Philip’s Blog

One Judge Preferable in Family Law Cases

Discussion on LinkedIn Family Law Professionals, April 2013

The family law system is changing drastically and is in need of a process where matters are handled by a single judge trying to bring about a cost effective and efficient resolution, says Toronto family law lawyer  Shelly Kalra on Advocate Daily (link no longer available)

Mark Finn, Senior Lawyer at McKean Park, Melbourne:
This does occur in the federal Magistrate’s Court in Australia where on a first hearing date the case is docketed to that Judge who deals with each stage of the case from beginning to end. This process provides consistency and continuity.

Philip Marcus:
The Israeli Family Court Law of 1995 mandated One Family – One Judge. This means that each new case filed in court is assigned to a specific Judge, and that Judge will continue to deal not only with that case, but also with all other cases, whatever the issue, between members of that family. This means that the Judge gets to know the personalities involved, and saves valuable time since a new (assiduous) Judge would have to read all the papers and have the matters at issue explained to him.

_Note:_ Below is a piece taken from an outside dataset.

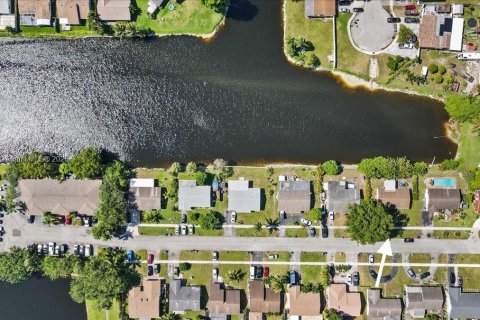 House in North Lauderdale, Florida 3 bedrooms, 95.88 sq.m. № 1797725 - photo 19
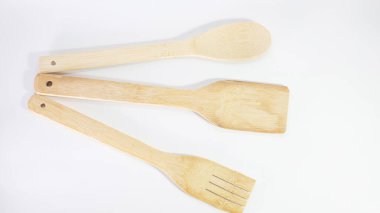 Yemek servisi için çatal bıçak takımı, beyaz arkaplanlı bambu, fotokopi alanı ve seçici odaklı.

Added to this is the wide jurisdiction of the court to deal with all matters between family members, so long as the issue arose from the family relationship. 

For example, I gave judgment in a claim arising out of a cheque given by a man to his brother, ostensibly a regular civil case arising from a Bill of Exchange. However, the plaintiff was known to me in the context of a previous application to appoint a guardian for his elderly mother; he had also sued the defendant and his sister and brother -in-law for assault; another sister had been before me when she applied for an exclusion order against her husband, and thereafter I dealt with her property, maintenance and custody claims; and there had been before me exclusion applications brought against two other brothers, each of whom had alleged assaults against the mother.

Another advantage of assigning a case to a Judge at its inception is that the Judge can assess the urgency of conducting a hearing and get an urgent case sceduled as he sees fit; in addition, he can act as case manager, and deals with all interlocutory applications, such as appointment of experts, interim orders, and the like.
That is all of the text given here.